Figure 2. Two models for the promotion of paramyxovirus fusion

(A) The association model shows the attachment protein homotetramer and the metastable prefusion form of the F homotrimer existing separately at the surface prior to receptor binding (left panel). The attachment protein spike is depicted as being significantly taller than that of the prefusion F spike based on modeling studies [Lamb, Jardetzky, Pers. Comm.]. This aligns the head of F with the stalk of the attachment protein. The attachment protein is labeled as an HN protein in this figure based on the available data, suggesting that this mode of fusion promotion is specific to viruses that recognize sialic acid-containing receptors. Attachment of HN to receptors results in a conformational change in the protein that induces an interaction with the F protein, which, in turn, triggers the latter into its fusion-active form (right panel). This results in the insertion of the previously sequestered fusion peptide into the target membrane. In this model, the interaction between the two proteins may be quite transient, although this has not been proven. (B) The dissociation model proposes that the attachment protein and the metastable prefusion form of F are associated in a complex on the surface prior to receptor binding (left panel). The association with the attachment protein presumably serves to maintain F in its metastable, prefusion conformation. The attachment protein in this figure is labeled as H/G because the available data suggest that this mode of fusion promotion is specific to viruses whose attachment proteins, specifically, measles virus H and Nipah/Hendra G, recognize specific protein receptors. Attachment of H/G to protein receptors results in a conformational change in the protein that releases F to assume its fusion-active form (right panel). F: Fusion; G: Glycoprotein; H: Hemagglutinin; HN: Hemagglutinin–neuraminidase. Adapted from [40].

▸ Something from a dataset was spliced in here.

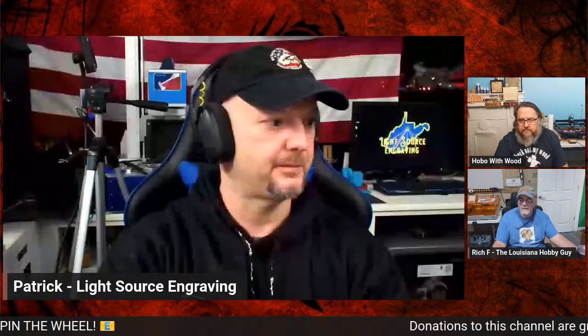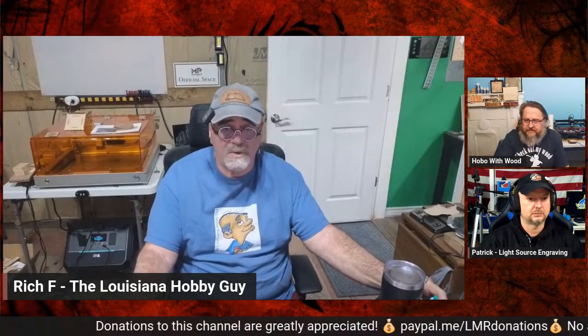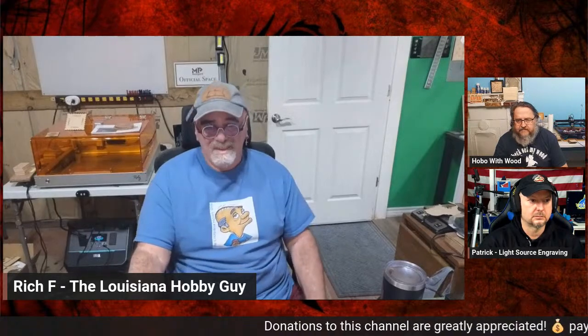I'm sending a link in the chat to the spreadsheet on my Google Drive. If you want to enter the contest, there will be one drawing for hold-down pins for anyone who enters without donating. Patrick will keep an eye on people who do donate — we'll have two spins for that. You can go to the link in the comments, and if you do donate, there'll be an extra surprise in your package. Donate to the channel if you can — it doesn't matter how much.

Figure 3. Nipah virus fusion is inversely correlated with the avidity of the F–G protein interaction

Reciprocal coimmunoprecipitations were performed on cell lysates of 293T cells transfected with wild-type Nipah virus (NiV) G protein and either wild-type NiV F or mutated forms of F protein lacking one or more N-glycans. The deletion of the N-glycans increases the extent of fusion, yet decreases the avidity of the complex between the F and G proteins. (A) The G protein was immunoprecipitated with anti-NiV-G-specific antisera and the samples were western blotted for NiV F protein. (B) The F protein was immunoprecipitated and the samples were western blotted for the G protein. The F–G protein interaction avidities were calculated and are graphed here against the fusion indices. A Pearson correlation analysis is included for each graph. The graph shows that the fusogenicity of the F protein mutants inversely correlates with the avidity of the complex formed with the wild-type G protein. F: Fusion; G: Glycoprotein. Reproduced with permission from [63].